4. ANSWERS TO COME! (THOUGH PROBABLY NOT, REALLY.) Florida’s top prosecutor says he plans to release a report by the end of March detailing the findings of his investigation into the May 2013 shooting by an FBI agent of Ibragim Todashev. Todashev was shot while he was being questioned about his relationship with alleged Boston Marathon bomber Tamerlan Tsarnaev. During the questioning, Todashev is said to have confessed to having been involved in a 2011 Waltham triple murder. (More on that was detailed in a recent Boston Magazine article.) Unfortunately, it’s unlikely the Florida prosecutors report will answer most of the many lingering questions that remain.

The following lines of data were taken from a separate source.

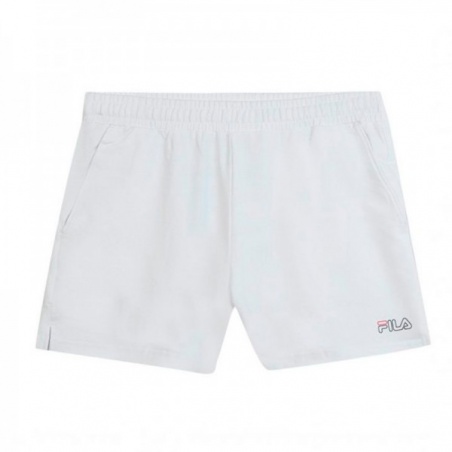 Short Fila Blanco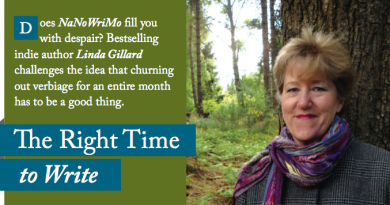 The Right Time to Write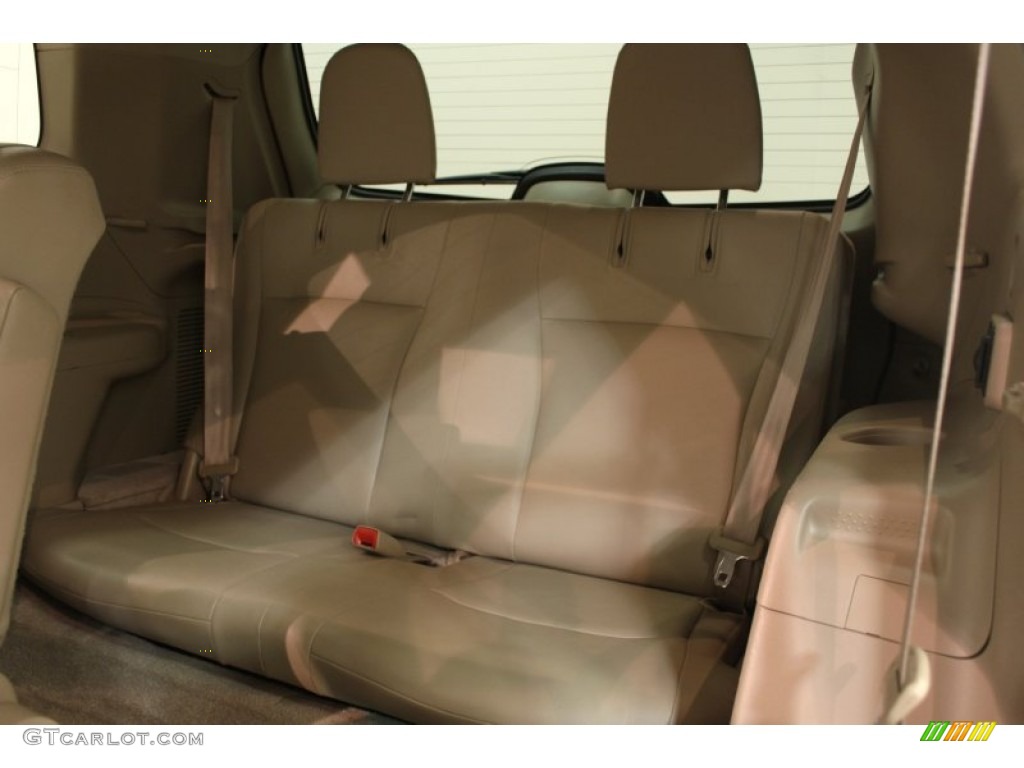 2008 Highlander Limited 4WD - Cypress Green Pearl / Sand Beige photo #30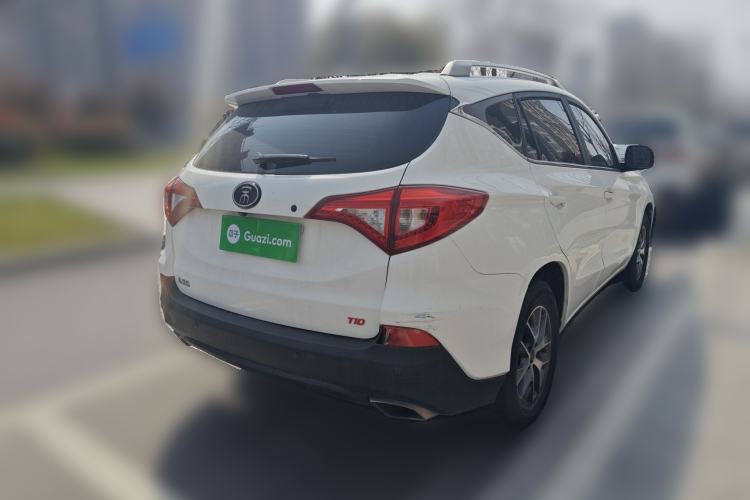 Used BYD Song 2017 Gaishe Upgrade Edition 1.5TID Automatic Elite Model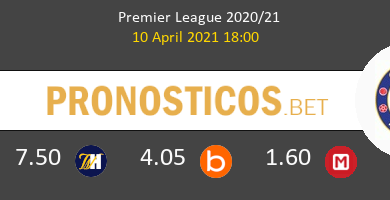 Crystal Palace vs Chelsea Pronostico (10 Abr 2021) 5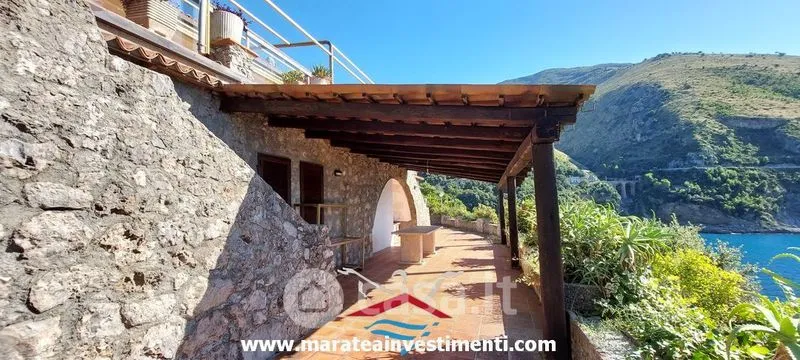 Terrasse - Villa with Sea View in Maratea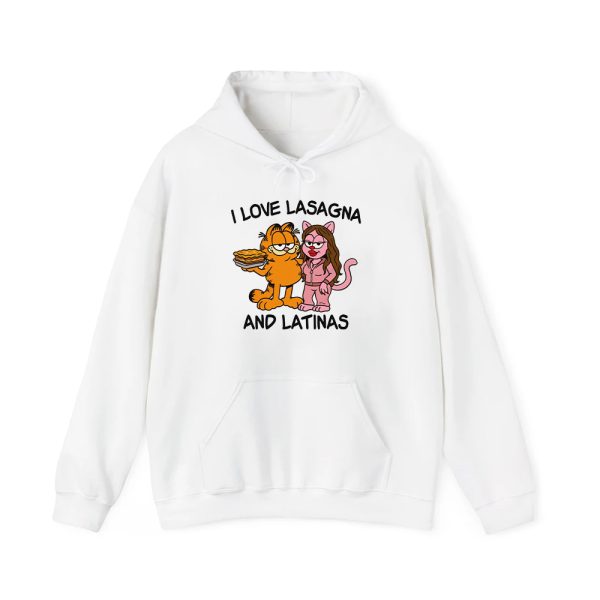I Love Lasagna and Latinas Shirt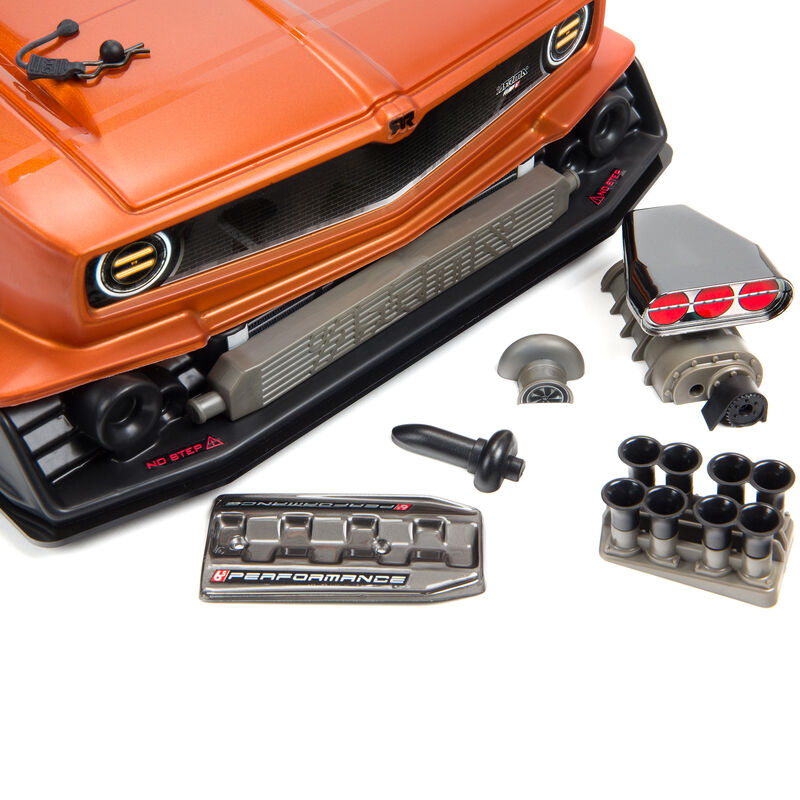 ARRMA 1/7 FELONY 6S BLX Street Bash All-Road Muscle Car RTR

5. ALSO … What makes comedy work? Equal parts good and evil. If you’ve always had trouble figuring out time zones around the world, this might help. Will the NFL ban not just the n-word, but also the f-word? No, not that f-word, the other f-word. And if they do, will there be any words left for players to use on the field? NASA found new planets. And not just a couple. 715 of them. Set your DVRs. An extreme athlete will be jumping off the top of Mount Everest in May, and the Discovery Channel is going to broadcast it. What could possibly go wrong? If you’ve ever thought – “How can I fit a gun purchase into my already hectic schedule?” – don’t worry. You can buy a gun on Facebook in just 15 minutes. It goes without saying that sending a naked photo of yourself to someone’s mom is risky. It’s especially risky if you’re sexting the mom of these three brothers. On a lighter note, be sure to check out this live stream of an eagle caring for her young, via Reddit.